Question

The number of subsets for set A is 512, find the number of elements in it.
$\left( a \right)$ 6
$\left( b \right)$ 7
$\left( c \right)$ 8
$\left( d \right)$ 9

Answer 1

In this particular question use the concept that if there are n number of elements in a particular set then there are ${2^n}$ number of subsets for this particular set so use these concepts to reach the solution of the question.
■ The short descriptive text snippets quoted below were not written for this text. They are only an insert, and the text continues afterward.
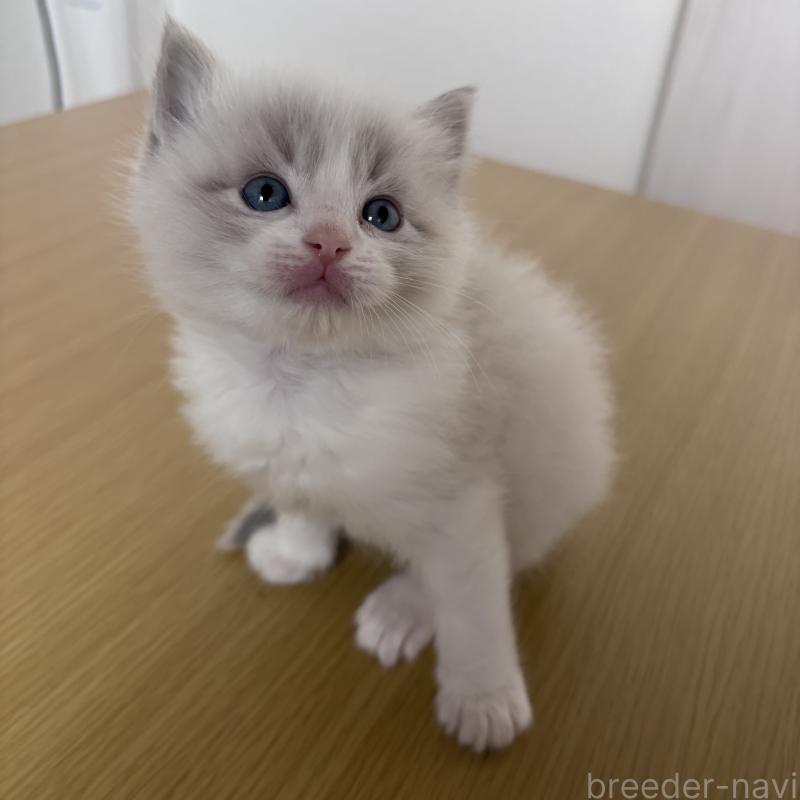 販売中の岐阜県のラグドール-134126の2枚目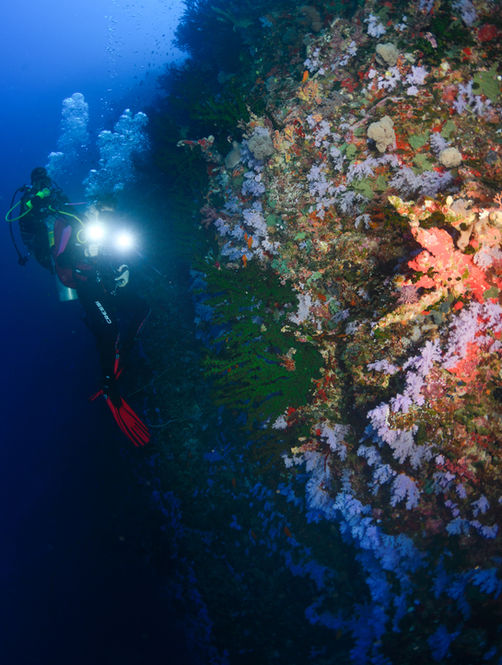 Scuba diver explores a colorful coral reef in deep blue water Waterlust Fiji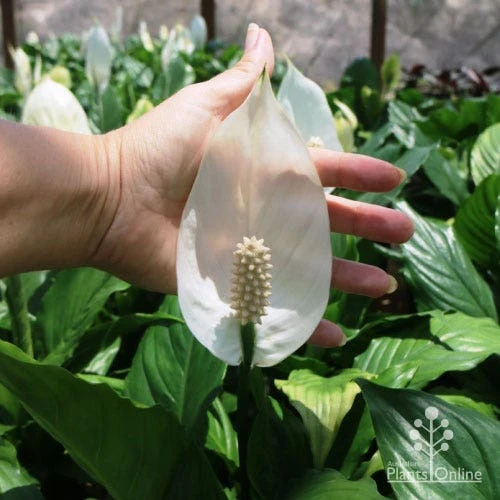 Spathiphyllum Maracay - Peace Lily 1 Spathiphyllum Maracay - Peace Lily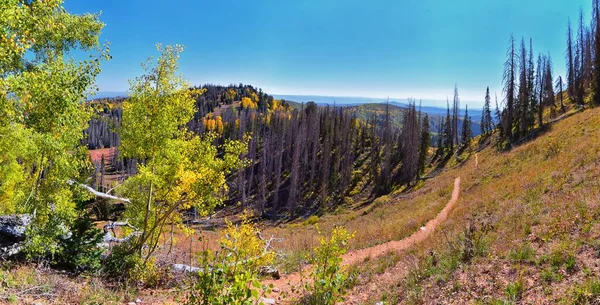 ネボ山ワイルダネスピーク 933フィートのピークを持つハイキングトレイルの景色 秋はパノラマの葉 ユタ州のウォッチレンジ ユータ国立の森 アメリカ — ストック写真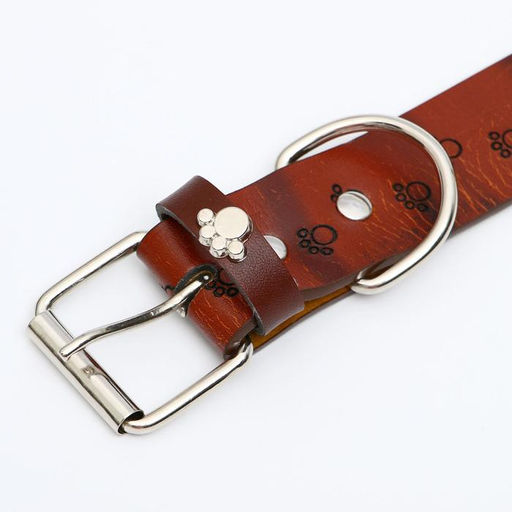 Ошейник с основой из термопластичной резины с тиснением Лапки, 58 х 2,7 см - Пижон фото 4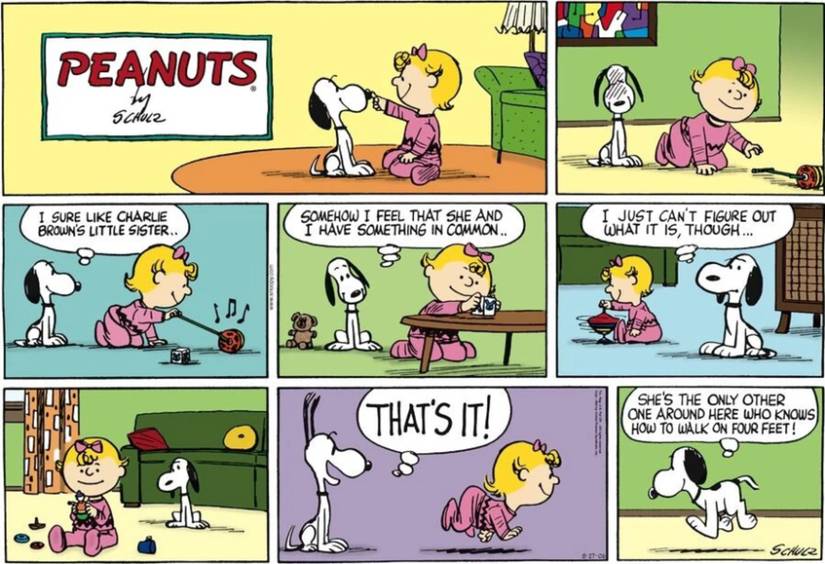 10 Peanuts Comics That Will Make You Love Snoopy Even More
Complete step-by-step answer:
Given data:
The number of subsets for set A is 512.
Now we have to find out the number of elements in the set A.
Let there be n number of elements in set A.
So according to property of sets if there are n number of elements in a particular set then there are ${2^n}$ number of subsets.
Therefore, ${2^n}$ = 512
Now factorize 512 we have,
512 = $2 \times 2 \times 2 \times 2 \times 2 \times 2 \times 2 \times 2 \times 2$
So when 2 multiply by 9 times it gives us 512.
$\Rightarrow {2^n} = {2^9}$
So on comparing, n = 9.
So there are 9 elements in a set.
So this is the required answer.
Hence option (d) is the correct answer.

Note: Whenever we face such types of questions the key concept we have to remember is that always recall the property of the set which is stated above so simply just substitute the values as above and simplify we will get the required answer.